I never saw the ice. But I felt it. The back end of the van I was driving—my grandfather’s—spun out. One swerve, two, three—and I was airborne, flying off a fifteen-foot embankment. I remember thinking, This would be awesome if I wasn’t going to die. A moment later, the van crunched into the steep slope and rolled to the bottom. I crawled out of the crushed vehicle, unscathed.
The van was utterly ruined that December morning in 1992. God had spared me. But what about my grandfather? What would he say? In fact, he never said a single word about the van. Not one. There was no scolding, no repayment plan, nothing. Just forgiveness. And a grandfather’s smile that I was okay.
My grandfather’s grace reminds me of God’s grace in Jeremiah 31. There, despite their tremendous failings, God promises a restored relationship with His people, saying, “I will forgive their wickedness and will remember their sins no more” (v. 34).
I’m sure my grandfather never forgot that I’d wrecked his van. But he acted just like God does here, not remembering it, not shaming me, not making me work to repay the debt I rightfully owed.

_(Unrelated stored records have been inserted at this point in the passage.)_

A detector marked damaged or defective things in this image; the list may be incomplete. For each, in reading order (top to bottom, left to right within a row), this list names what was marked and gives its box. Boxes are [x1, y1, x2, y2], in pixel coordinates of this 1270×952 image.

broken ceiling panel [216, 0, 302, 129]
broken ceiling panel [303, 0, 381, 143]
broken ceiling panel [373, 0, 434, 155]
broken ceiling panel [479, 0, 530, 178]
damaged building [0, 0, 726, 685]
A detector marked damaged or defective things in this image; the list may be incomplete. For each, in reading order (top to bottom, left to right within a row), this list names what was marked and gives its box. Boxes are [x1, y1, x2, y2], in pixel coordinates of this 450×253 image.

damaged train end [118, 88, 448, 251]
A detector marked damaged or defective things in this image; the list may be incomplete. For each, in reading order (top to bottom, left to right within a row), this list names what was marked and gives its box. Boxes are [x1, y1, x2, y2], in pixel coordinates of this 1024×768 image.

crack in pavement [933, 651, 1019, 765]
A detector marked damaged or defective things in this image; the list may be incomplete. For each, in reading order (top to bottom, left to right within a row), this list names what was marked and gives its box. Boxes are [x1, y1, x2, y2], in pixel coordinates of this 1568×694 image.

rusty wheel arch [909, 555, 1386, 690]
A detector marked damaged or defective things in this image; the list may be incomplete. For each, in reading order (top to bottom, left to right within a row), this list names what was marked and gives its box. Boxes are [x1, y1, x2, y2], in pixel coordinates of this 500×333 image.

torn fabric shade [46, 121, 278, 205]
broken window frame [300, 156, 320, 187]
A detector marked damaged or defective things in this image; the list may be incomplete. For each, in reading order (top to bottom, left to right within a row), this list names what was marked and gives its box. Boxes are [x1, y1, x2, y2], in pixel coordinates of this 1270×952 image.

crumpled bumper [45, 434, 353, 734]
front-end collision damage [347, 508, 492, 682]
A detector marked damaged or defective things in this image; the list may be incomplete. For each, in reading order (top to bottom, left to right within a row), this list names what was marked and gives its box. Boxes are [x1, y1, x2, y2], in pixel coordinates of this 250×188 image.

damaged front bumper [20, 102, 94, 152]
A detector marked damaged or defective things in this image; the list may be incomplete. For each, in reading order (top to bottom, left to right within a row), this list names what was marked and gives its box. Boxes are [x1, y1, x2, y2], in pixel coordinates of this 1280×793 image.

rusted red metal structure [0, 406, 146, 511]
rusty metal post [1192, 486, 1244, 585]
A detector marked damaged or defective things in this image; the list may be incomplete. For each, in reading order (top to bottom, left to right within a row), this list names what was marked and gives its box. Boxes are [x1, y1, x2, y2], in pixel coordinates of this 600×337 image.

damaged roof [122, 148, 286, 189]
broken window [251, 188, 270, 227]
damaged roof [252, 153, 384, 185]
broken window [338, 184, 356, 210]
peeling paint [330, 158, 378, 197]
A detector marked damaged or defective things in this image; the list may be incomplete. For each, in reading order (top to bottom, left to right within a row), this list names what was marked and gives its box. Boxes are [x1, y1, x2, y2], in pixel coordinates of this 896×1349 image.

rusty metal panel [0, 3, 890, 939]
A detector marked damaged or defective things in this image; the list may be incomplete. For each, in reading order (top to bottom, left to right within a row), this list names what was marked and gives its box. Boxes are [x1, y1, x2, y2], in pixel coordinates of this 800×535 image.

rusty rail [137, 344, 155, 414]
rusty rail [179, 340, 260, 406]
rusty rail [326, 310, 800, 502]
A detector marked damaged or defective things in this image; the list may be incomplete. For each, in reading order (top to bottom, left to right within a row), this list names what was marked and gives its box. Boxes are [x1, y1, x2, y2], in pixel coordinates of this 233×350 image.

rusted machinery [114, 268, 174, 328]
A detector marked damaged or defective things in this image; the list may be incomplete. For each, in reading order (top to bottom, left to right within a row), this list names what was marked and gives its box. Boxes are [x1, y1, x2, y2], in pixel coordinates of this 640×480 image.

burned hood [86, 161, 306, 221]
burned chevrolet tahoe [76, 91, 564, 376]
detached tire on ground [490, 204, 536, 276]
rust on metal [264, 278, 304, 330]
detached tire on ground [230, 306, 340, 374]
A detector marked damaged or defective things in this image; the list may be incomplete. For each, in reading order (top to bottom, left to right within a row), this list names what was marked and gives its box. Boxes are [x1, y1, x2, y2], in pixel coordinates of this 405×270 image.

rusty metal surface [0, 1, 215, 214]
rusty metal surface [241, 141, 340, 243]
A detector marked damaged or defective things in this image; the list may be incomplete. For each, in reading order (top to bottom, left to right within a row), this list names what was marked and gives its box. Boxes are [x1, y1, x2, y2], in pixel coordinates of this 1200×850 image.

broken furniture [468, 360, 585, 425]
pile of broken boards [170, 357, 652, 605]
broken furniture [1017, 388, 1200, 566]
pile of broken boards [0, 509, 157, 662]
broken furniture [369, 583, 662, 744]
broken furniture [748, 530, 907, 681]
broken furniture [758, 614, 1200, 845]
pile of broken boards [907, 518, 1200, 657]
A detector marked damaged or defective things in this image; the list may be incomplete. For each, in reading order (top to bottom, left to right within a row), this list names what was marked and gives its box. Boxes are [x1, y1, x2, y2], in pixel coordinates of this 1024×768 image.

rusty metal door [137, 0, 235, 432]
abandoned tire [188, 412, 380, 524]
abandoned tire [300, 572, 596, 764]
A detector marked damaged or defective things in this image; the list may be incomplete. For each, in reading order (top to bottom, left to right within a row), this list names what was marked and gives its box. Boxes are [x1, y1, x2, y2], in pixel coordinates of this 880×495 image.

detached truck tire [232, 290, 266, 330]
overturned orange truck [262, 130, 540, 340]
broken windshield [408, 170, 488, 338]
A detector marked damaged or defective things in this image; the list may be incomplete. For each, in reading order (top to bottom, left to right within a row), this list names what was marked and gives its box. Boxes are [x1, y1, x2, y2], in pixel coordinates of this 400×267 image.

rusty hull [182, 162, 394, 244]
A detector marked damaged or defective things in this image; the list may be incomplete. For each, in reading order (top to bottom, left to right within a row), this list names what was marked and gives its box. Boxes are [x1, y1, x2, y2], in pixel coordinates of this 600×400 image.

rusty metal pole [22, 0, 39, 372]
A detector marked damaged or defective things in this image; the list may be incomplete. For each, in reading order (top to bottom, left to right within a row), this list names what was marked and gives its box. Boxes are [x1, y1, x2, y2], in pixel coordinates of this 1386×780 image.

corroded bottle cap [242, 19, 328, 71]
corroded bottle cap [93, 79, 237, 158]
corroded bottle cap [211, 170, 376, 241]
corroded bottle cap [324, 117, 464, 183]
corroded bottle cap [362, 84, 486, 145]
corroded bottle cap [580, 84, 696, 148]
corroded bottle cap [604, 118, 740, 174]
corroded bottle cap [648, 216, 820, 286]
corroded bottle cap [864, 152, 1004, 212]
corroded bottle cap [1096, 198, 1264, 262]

Just as God says He’ll do, my grandfather chose to remember it no more, as if the destructive thing I’d done had never happened.
By Adam R. Holz
REFLECT & PRAY
How should God’s forgiveness affect how you see your failures? How can you show others grace?
Father, thank You for Your forgiveness. When I cling to my shame, help me to recall that, in Christ, You remember my sins no more.
SCRIPTURE INSIGHT
In today’s passage (Jeremiah 31:27–34), Jeremiah, the weeping prophet, delivered a message from God to the Southern Kingdom of Judah concerning the new covenant that He would make with His people (ch. 31). It’s interesting to note that in both times of misfortune and fortune, God watches over believers in Jesus in the same way: “Just as I watched over them to uproot and tear down . . . I will watch over them to build and to plant” (v. 28). Watch/watched is translated from the same Hebrew word (shaqad ). It has the implication of keeping guard over something; to be on the lookout.